Problem requirements:
Repeat the data in full. Every line must match.
START Material supplied
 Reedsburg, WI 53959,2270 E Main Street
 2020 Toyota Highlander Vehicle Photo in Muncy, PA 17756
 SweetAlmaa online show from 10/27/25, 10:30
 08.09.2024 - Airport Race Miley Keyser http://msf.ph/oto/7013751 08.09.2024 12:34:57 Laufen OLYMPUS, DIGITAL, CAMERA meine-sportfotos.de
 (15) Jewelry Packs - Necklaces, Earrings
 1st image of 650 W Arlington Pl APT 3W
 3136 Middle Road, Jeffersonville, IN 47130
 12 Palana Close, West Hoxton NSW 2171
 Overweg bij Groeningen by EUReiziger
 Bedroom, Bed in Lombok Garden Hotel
END Material supplied
Written answer:
 Reedsburg, WI 53959,2270 E Main Street
 2020 Toyota Highlander Vehicle Photo in Muncy, PA 17756
 SweetAlmaa online show from 10/27/25, 10:30
 08.09.2024 - Airport Race Miley Keyser http://msf.ph/oto/7013751 08.09.2024 12:34:57 Laufen OLYMPUS, DIGITAL, CAMERA meine-sportfotos.de
 (15) Jewelry Packs - Necklaces, Earrings
 1st image of 650 W Arlington Pl APT 3W
 3136 Middle Road, Jeffersonville, IN 47130
 12 Palana Close, West Hoxton NSW 2171
 Overweg bij Groeningen by EUReiziger
 Bedroom, Bed in Lombok Garden Hotel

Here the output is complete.